On the latest Q&A version of the Grilling JR Podcast, Jim Ross talked about Vince McMahon’s age and whether or not he thinks McMahon will ever slow down. Ross said he’s worried about Vince’s health and believes he still runs the company as if he’s in his 20s.
“He’s not a spring chicken like the rest of us in that generation,” Ross said. “We all have to face up to the fact that we’re mortal and aging affects people differently. The thing about Vince at his age, he’s still working like he’s 25 years old, he doesn’t stop. He only works in days ending in Y and he has no time limits, there’s no requirements.
“You wonder sometimes how intense he is, as busy as he is, the responsibilities he has running a massive publicly traded company if it’s getting to be too much. I don’t know the answer to that question. I’m a lot more concerned about his health than him being able to run the company.”

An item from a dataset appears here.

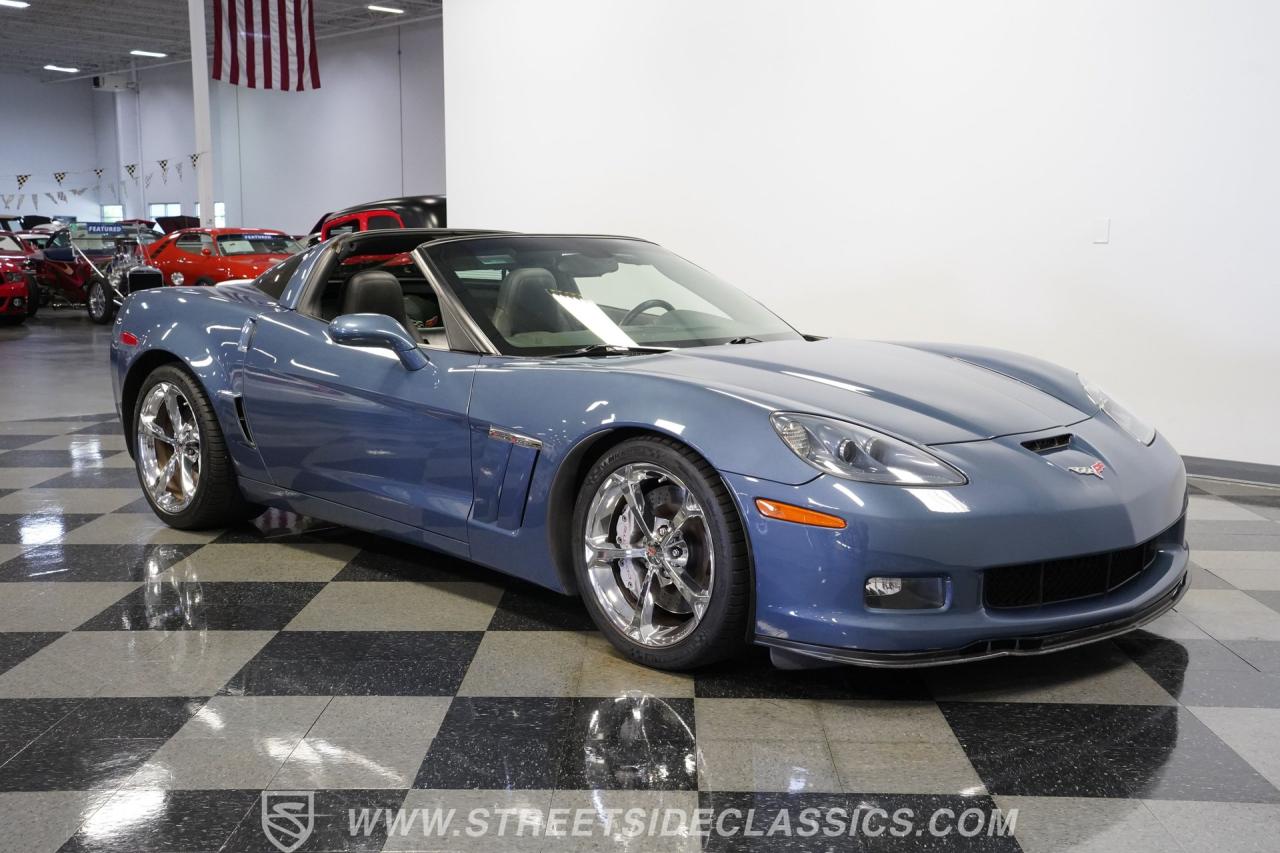 2011 Chevrolet Corvette Grand Sport 1LT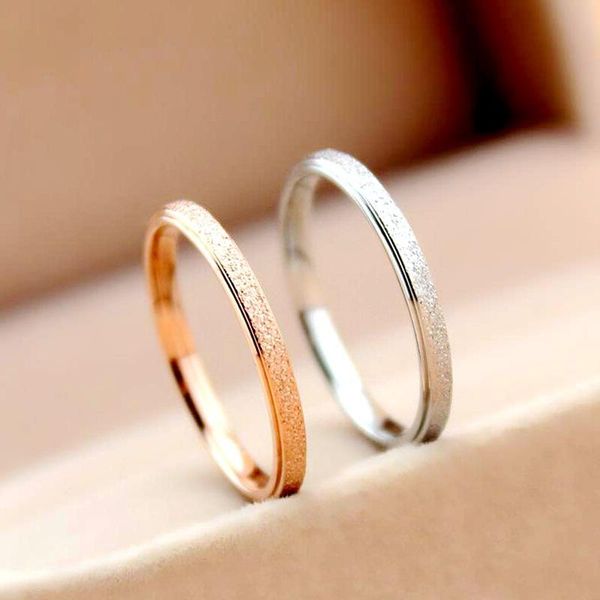 wedding rings round simple matte for women men couple thin stainless steel ring simplicity fashion jewelry wholesale 2mm, Slivery;golden
wedding rings round simple matte for women men couple thin stainless steel ring simplicity fashion jewelry wholesale 2mm, Slivery;golden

Ross discussed how long he sees Vince running WWE until he finally stops. He said sometimes people have a happy place and somewhere they never want to leave or live without, and for Vince, that’s the WWE.
“He will run the company until they bury him,” Ross said. “I don’t think he will ever sell the company. I don’t think he’ll ever slow down to any large degree, that’s just not in his makeup. If he did, he would not be happy. I fully believe all people should strive to find their happy place and his happy place is working. It’s always been that way.
“I think that’s one of the things that’s made the company so successful. Vince’s unrelenting work ethic. Nobody in WWE has ever worked as hard as the owner. Nobody. He has no hobbies, he goes to the gym and he works. That’s it. The only thing I’m concerned about is Vince’s health. I wish him the best, he helped me a lot along the way no doubt, but you wonder sometimes are you doing what needs to be done or what you’re forcing yourself to do? It’s almost like an obsession with him to work.”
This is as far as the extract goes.